L'Impact Économique des Grèves : Une Réalité Complexe

Les mouvements sociaux, par leur nature même, ont des répercussions sur l’activité économique. Une étude de la Direction générale du Trésor (DGT) publiée récemment estime que ces mouvements feraient perdre en moyenne 0,1 point de produit intérieur brut (PIB) le trimestre de la tenue du mouvement social en France. Cet impact, bien que limité et temporaire selon la DGT, est difficile à estimer précisément et dépend de multiples facteurs. Par exemple, les grèves de 1995 auraient réduit la croissance du 4e trimestre de -0,2 point de PIB, tandis que le mouvement des Gilets jaunes en 2018 aurait entraîné une perte estimée à 0,1 point de croissance trimestrielle.

Au niveau microéconomique, l’impact peut être plus direct et significatif, particulièrement pour les commerces. Des enquêtes menées par la CCI Paris Ile-de-France ont montré que lors de précédentes grèves, 93 % des commerçants interrogés ont noté un impact sur leur activité économique, 96 % constatant une baisse de fréquentation et de chiffre d’affaires. Les coûts directs pour les entreprises peuvent inclure la perte de marge sur coûts variables, des coûts de personnel additionnels (paiement des non-grévistes empêchés de travailler, heures supplémentaires post-conflit) et des frais juridiques. La désorganisation opérationnelle, notamment la vulnérabilité des modèles de production « juste-à-temps », représente également un coût important.

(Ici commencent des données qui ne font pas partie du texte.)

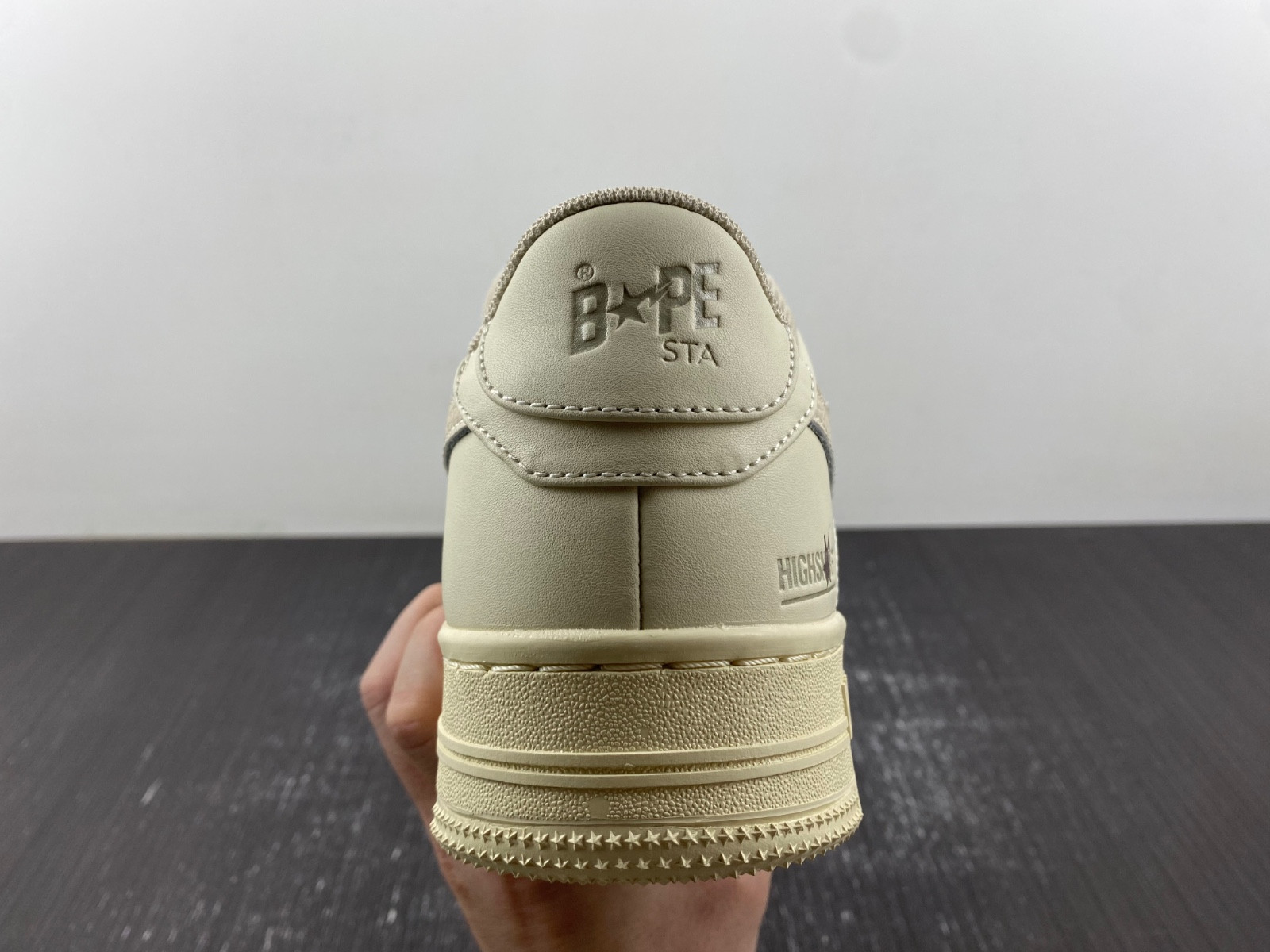 BAPE SNEAKERS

La Fin de l'Austérité : Un Impératif Syndical

Le concept de « fin de l’austérité » est devenu un leitmotiv pour les organisations syndicales. Elles dénoncent des politiques qui, depuis la crise de la dette souveraine en Grèce fin 2009, ont souvent transféré le poids des dettes sur les contribuables et les fonctionnaires, et ont affaibli la négociation collective. Des organisations comme Force Ouvrière réaffirment leur opposition ferme à la poursuite des politiques d’austérité, critiquant les annonces d’économies sur les dépenses publiques pour 2026 et le refus de suspendre la réforme des retraites.

Les syndicats internationaux, comme la Confédération Syndicale Internationale (CSI), mettent également en garde contre un retour aux politiques d’austérité prônées par des institutions comme le FMI et la Banque mondiale, qui compromettraient la prospérité et le travail décent. Ils appellent à mettre fin aux contraintes salariales dans le secteur public, à investir dans les services publics et le salaire vital, et à rejeter les modèles de privatisation.

En France, la CGT, la CFDT et la FSU, entre autres, réclament une alternative à l’austérité, centrée sur les travailleurs, la démocratie, les droits, la protection sociale et une prospérité partagée. Ils insistent sur la nécessité de réformes fiscales justes et solidaires, mettant fin aux « cadeaux fiscaux » aux plus riches et visant à taxer davantage les hauts patrimoines.

Perspectives : Dialogue Social ou Durcissement du Conflit ?

La situation actuelle met le gouvernement sous pression. Le Premier ministre Sébastien Lecornu, qui doit encore former son gouvernement et faire adopter son budget pour 2026, est attendu de pied ferme par les organisations syndicales. Marylise Léon (CFDT) et Sophie Binet (CGT) ont exprimé leur impatience face à l’absence de négociations concrètes suite à leurs rencontres à Matignon. Sophie Binet a même appelé à « mettre à la poubelle » la copie du budget de l’ancien Premier ministre, François Bayrou, et à faire contribuer les plus riches.

La période à venir sera déterminante. La capacité du gouvernement à répondre aux attentes des syndicats et à infléchir les politiques d’austérité sera cruciale pour apaiser le climat social. À défaut de réponses concrètes, la crise sociale pourrait s’installer durablement, transformant les colères individuelles en un mouvement collectif plus profond et difficilement gérable. Les syndicats, pour leur part, semblent déterminés à poursuivre leurs actions pour obtenir des mesures de justice sociale, fiscale et environnementale.